WORK INSTRUCTION:
With all images omitted, write out the records word for word.

RECORD EXTRACTS:
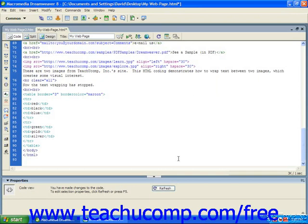If you want to stop text wrapping, add the line break tag followed by the clear attribute within that tag and the value of the alignment you wish to clear in front of the text.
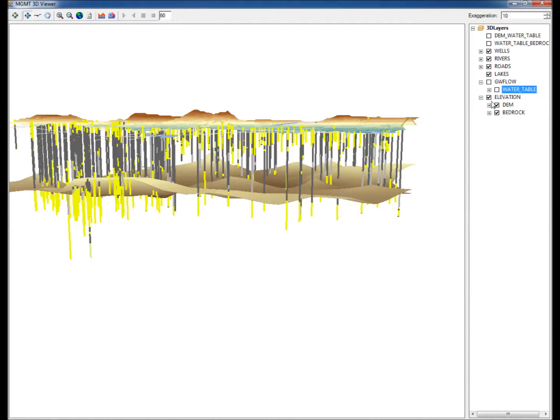The dark colors shown in the well logs represent confining materials such as clay or shale, while the lighter colors represent aquifer materials such as sand or gravel.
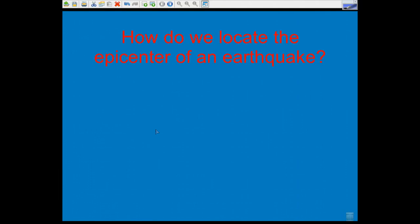Welcome to another screencast. Today we're going to discuss how to locate the epicenter of an earthquake.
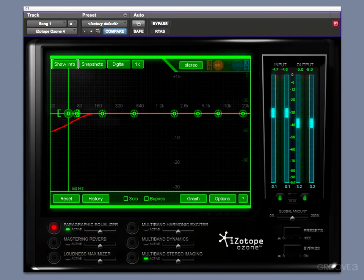Hi, and welcome back. In this video, we're going to cover the Paragraphic Equalizer module in Ozone. The Paragraphic Equalizer is really a parametric equalizer, much as you've probably experienced in your digital audio workstation.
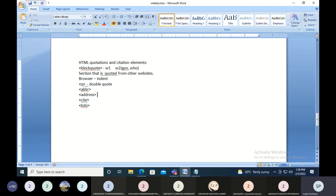The address tag is used to give the address of the author or owner of the webpage. The owner of the webpage can give their contact details — all that information can be given inside the address tag.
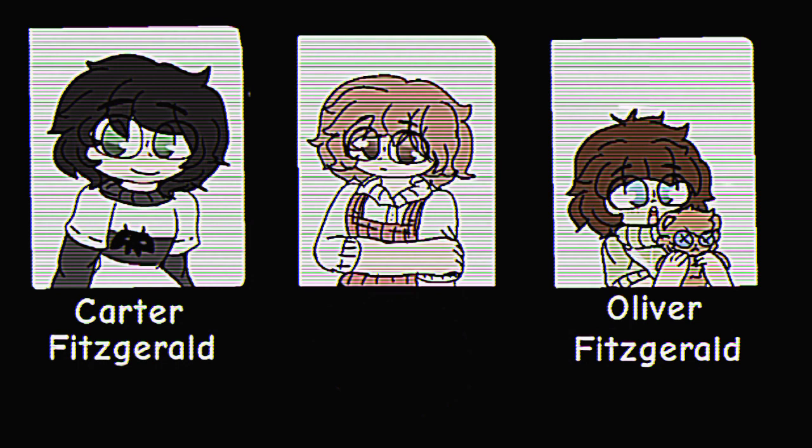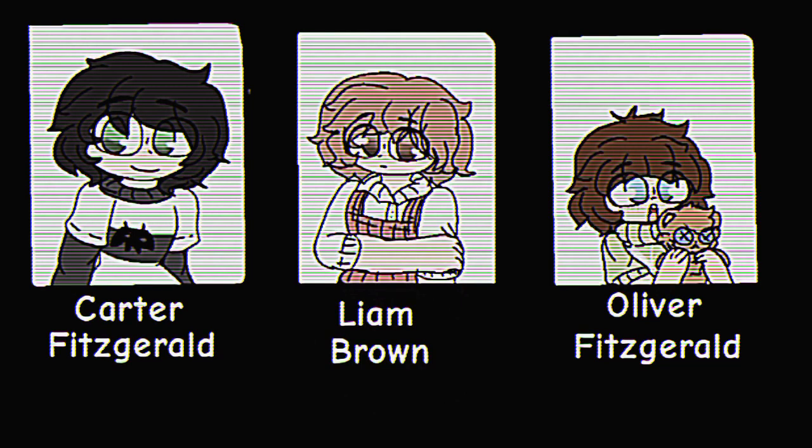And the third young boy who went missing is one of Carter's friends, Liam Brown, the 11-year-old boy.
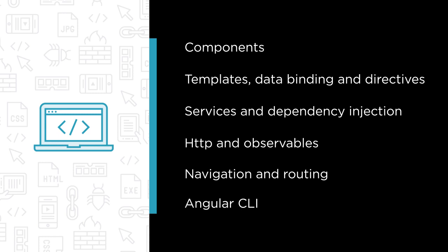In addition, you'll see how to use the Angular Command Line Interface, or CLI, to generate, execute, test, and deploy your Angular application.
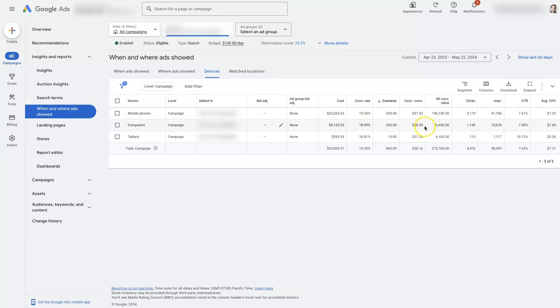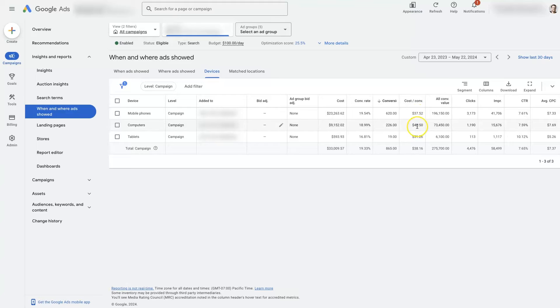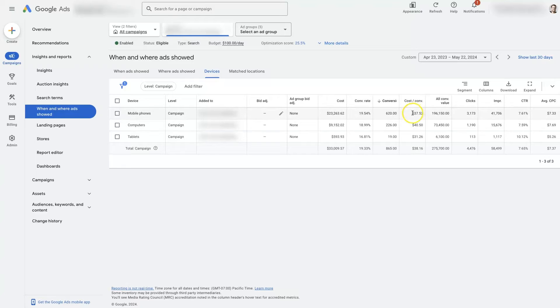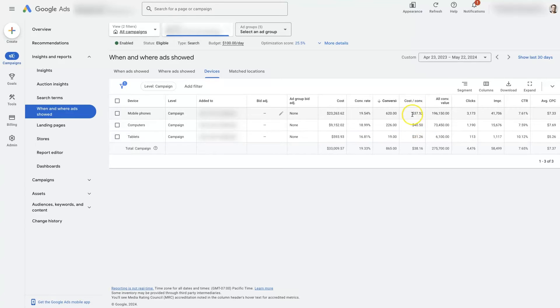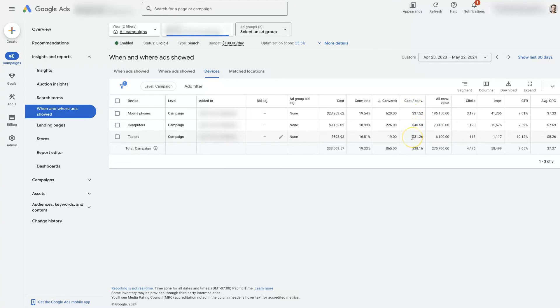Computers is not quite as good here. It's a $40 cost per conversion, but it's really not that much different. In some cases, you'll find, depending on what product or service you're marketing, that mobile phones way outperforms computers or vice versa. Sometimes it's computers way outperforms mobile phones. So you just really want to determine what's performing best.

SOLUTION:
If you want to stop text wrapping, add the line break tag followed by the clear attribute within that tag and the value of the alignment you wish to clear in front of the text.
The dark colors shown in the well logs represent confining materials such as clay or shale, while the lighter colors represent aquifer materials such as sand or gravel.
Welcome to another screencast. Today we're going to discuss how to locate the epicenter of an earthquake.
Hi, and welcome back. In this video, we're going to cover the Paragraphic Equalizer module in Ozone. The Paragraphic Equalizer is really a parametric equalizer, much as you've probably experienced in your digital audio workstation.
The address tag is used to give the address of the author or owner of the webpage. The owner of the webpage can give their contact details — all that information can be given inside the address tag.
And the third young boy who went missing is one of Carter's friends, Liam Brown, the 11-year-old boy.
In addition, you'll see how to use the Angular Command Line Interface, or CLI, to generate, execute, test, and deploy your Angular application.
Computers is not quite as good here. It's a $40 cost per conversion, but it's really not that much different. In some cases, you'll find, depending on what product or service you're marketing, that mobile phones way outperforms computers or vice versa. Sometimes it's computers way outperforms mobile phones. So you just really want to determine what's performing best.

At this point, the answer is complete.